= Lympha =

Spirit overseeing fresh water in ancient Roman belief

The Lympha (plural Lymphae) is an ancient Roman deity of fresh water. She is one of twelve agricultural deities listed by Varro as "leaders" (duces) of Roman farmers, because "without water all agriculture is dry and poor." The Lymphae are often connected to Fons, meaning "Source" or "Font," a god of fountains and wellheads. Lympha represents a "functional focus" of fresh water, according to Michael Lipka's conceptual approach to Roman deity, or more generally moisture.
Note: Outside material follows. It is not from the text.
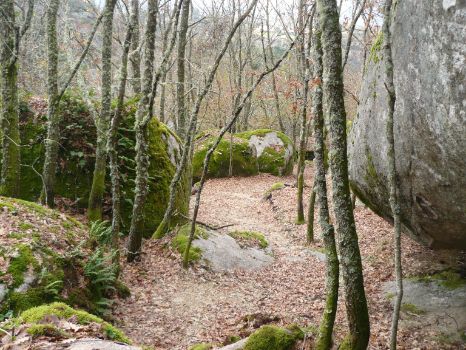 A faint path winding its way through forest and large granite boulders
Vitruvius preserves some of her associations in the section of his work On Architecture in which he describes how the design of a temple building (aedes) should reflect the nature of the deity to be housed therein:

The character of the Corinthian order seems more appropriate to Venus, Flora, Proserpina, and the Nymphs [Lymphae] of the Fountains; because its slenderness, elegance and richness, and its ornamental leaves surmounted by volutes, seem to bear an analogy to their dispositions.

The name Lympha is equivalent to, but not entirely interchangeable with nympha, "nymph." One dedication for restoring the water supply was made nymphis lymphisque augustis, "for the nymphs and august lymphae," distinguishing the two as does a passage from Augustine of Hippo. In poetic usage, lymphae as a common noun, plural or less often singular, can mean a source of fresh water, or simply "water"; compare her frequent companion Fons, whose name is a word for "fountain," but who is also invoked as a deity.
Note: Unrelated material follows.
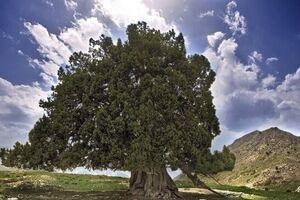 کهنسال‌ترین درخت ایران ثبت ملی شد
When she appears in a list of proper names for deities, Lympha is seen as an object of religious reverence embodying the divine aspect of water. Like several other nature deities who appear in both the singular and the plural (such as Faunus/fauni), she has both a unified and a multiple aspect. She was the appropriate deity to pray to for maintaining the water supply, in the way that Liber provided wine or Ceres bread.

==Name and functions==
The origin of the word lympha is obscure. It may originally have been lumpa or limpa, related to the adjective limpidus meaning "clear, transparent" especially applied to liquids. An intermediate form lumpha is also found. The spelling seems to have been influenced by the Greek word νύμφα nympha, as the upsilon (Υ,υ) and phi (Φ,φ) are normally transcribed into Latin as u or y and ph or f.
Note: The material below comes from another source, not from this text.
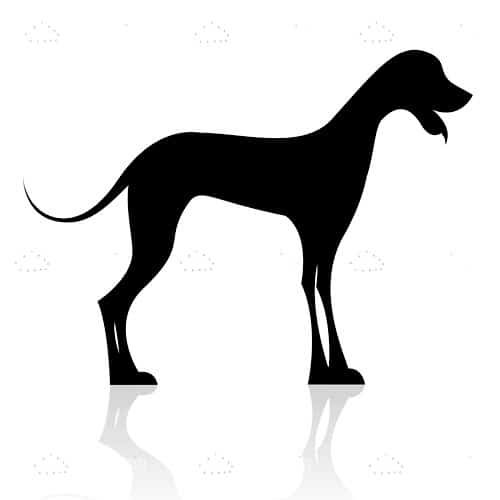 500x500 Black Dog Silhouette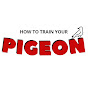 How To Train Your Pigeon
That Lympha is an Italic concept is indicated by the Oscan cognate diumpā- (recorded in the dative plural, diumpaís, "for the lymphae"), with a characteristic alternation of d for l. These goddesses appear on the Tabula Agnonensis as one of 17 Samnite deities, who include the equivalents of Flora, Proserpina, and possibly Venus (all categorized with the Lymphae by Vitruvius), as well as several of the gods on Varro's list of the 12 agricultural deities. On the Oscan tablet, they appear in a group of deities who provide moisture for crops. In the Etruscan-based cosmological schema of Martianus Capella, the Lymphae are placed in the second of 16 celestial regions, with Jupiter, Quirinus, Mars (these three constituting the Archaic Triad), the Military Lar, Juno, Fons, and the obscure Italo-Etruscan Novensiles. A 1st-century A.D. dedication was made to the Lymphae jointly with Diana.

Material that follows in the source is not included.